The issue gained new attention last week after Kaspersky’s founder and chief executive, Eugene Kaspersky, wrote an 1,800-word blog post attacking a Bloomberg News story that accused his company of being too cozy with Russian spies. Kaspersky is a force in the antivirus market in Russia, Europe and South America, and has a growing presence in the U.S. consumer and small-business market.
“I must have said this a million times, but we do not care who’s behind the cyber-campaigns we expose,” Kaspersky wrote. “There is cyber-evil and we fight it.”
Bloomberg asserted Kaspersky attends sauna nights with Russian spies and is deeply intertwined with the Kremlin. Kaspersky didn’t deny the sauna gatherings, but argued they weren’t conspiratorial and the presence of spies was coincidental.
Some people close to Kaspersky said the report captured the spirit of the company — non-Russian employees are sometimes asked, half-jokingly, if they work for foreign intelligence services. The company’s chief legal officer, Igor Chekunov, has military kitsch in his office, one of these people said.
Kaspersky representatives didn’t respond to requests for comment.
The company made news this year when it released a detailed report on what former U.S. officials said was an American hacking campaign to spy on Russia, China and some countries in the Middle East. As a rule, Kaspersky doesn’t say where it thinks attacks originate, though it sometimes drops hints.
Silicon Valley-based FireEye does the opposite, in a sense. The company publicizes hacking campaigns it discovers and links to China, Russia or Iran. In the interview, CEO DeWalt said he would think twice before publicizing a similar hacking campaign by Americans.
To be sure, these firms do not march exclusively to a geopolitical drum. Kaspersky has reported on computer intrusions thought to originate from Russia, and sometimes works with Western law enforcement. Symantec SYMC +0.12%, based in Silicon Valley, in 2010 it played a leading role in outing Stuxnet, a computer worm the U.S. and Israel used to slow Iran’s nuclear program.
FireEye, founded in 2004, received early backing from In-Q-Tel, a nonprofit that acts as a venture capital firm for the Central Intelligence Agency. But as the company has started to expand internationally, it occasionally runs into trouble with potential customers in France and Germany, spokesman Vitor De Souza said.
The company has trained its sales employees not to play up the company’s government ties or In-Q-Tel backing, De Souza said. FireEye generates roughly three-fourths of its revenue in the U.S., according to securities filings.
Ronald Prins, co-founder and director of Fox-IT, the Dutch cybersecurity company, acknowledged that the Dutch military buys encryption tools and hacking lessons from the firm. But he notes the company has been aggressive investigating breach attempts linked to the U.S. and U.K. — both Dutch allies.
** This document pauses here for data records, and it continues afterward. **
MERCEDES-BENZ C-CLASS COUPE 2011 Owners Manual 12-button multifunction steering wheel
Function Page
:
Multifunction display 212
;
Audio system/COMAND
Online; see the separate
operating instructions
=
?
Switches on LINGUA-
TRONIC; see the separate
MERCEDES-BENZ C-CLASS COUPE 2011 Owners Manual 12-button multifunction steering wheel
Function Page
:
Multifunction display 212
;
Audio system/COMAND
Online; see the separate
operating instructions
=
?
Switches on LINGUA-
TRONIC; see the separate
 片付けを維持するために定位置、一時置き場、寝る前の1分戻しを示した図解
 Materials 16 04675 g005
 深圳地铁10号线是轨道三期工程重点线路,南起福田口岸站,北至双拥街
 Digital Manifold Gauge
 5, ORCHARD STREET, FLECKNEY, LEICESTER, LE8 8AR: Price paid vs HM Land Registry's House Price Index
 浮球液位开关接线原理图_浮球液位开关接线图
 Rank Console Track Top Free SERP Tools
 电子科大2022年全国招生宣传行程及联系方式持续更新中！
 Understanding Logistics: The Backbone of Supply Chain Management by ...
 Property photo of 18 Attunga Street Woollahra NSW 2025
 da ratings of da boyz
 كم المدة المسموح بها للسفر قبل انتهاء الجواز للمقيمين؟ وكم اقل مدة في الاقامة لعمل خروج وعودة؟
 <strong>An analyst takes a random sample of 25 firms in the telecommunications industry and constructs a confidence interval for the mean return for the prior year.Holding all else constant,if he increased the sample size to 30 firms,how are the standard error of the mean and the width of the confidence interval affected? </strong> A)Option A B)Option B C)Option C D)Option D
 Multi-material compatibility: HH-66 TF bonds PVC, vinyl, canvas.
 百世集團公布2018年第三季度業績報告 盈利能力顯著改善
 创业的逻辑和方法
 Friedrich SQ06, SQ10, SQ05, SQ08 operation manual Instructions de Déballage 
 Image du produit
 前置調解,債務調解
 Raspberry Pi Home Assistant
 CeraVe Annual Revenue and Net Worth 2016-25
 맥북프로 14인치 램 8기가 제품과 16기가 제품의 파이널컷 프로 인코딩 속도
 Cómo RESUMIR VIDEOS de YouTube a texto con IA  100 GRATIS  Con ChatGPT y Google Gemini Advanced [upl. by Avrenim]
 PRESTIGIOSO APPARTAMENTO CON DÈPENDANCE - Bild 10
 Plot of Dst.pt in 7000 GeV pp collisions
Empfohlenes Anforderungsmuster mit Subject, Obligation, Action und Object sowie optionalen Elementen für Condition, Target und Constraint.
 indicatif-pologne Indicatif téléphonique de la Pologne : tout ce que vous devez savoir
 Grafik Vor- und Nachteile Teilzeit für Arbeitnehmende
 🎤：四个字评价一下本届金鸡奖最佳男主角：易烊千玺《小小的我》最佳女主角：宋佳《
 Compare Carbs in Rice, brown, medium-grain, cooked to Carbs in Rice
He says fragmentation in the security market has more to do with where security companies are based and less to do with politics.
A recent effort at Kaspersky may show the limits of those efforts. In recent years, the company started a walled-off division to try to win U.S. government contracts. Kaspersky Government Security Solutions reports to its own board and only hires people eligible for American security clearances.
So far, the company is yet to win a prime contract with the U.S. government, though it has worked on a couple of sub-contracts with U.S. firms, a person familiar with the matter said.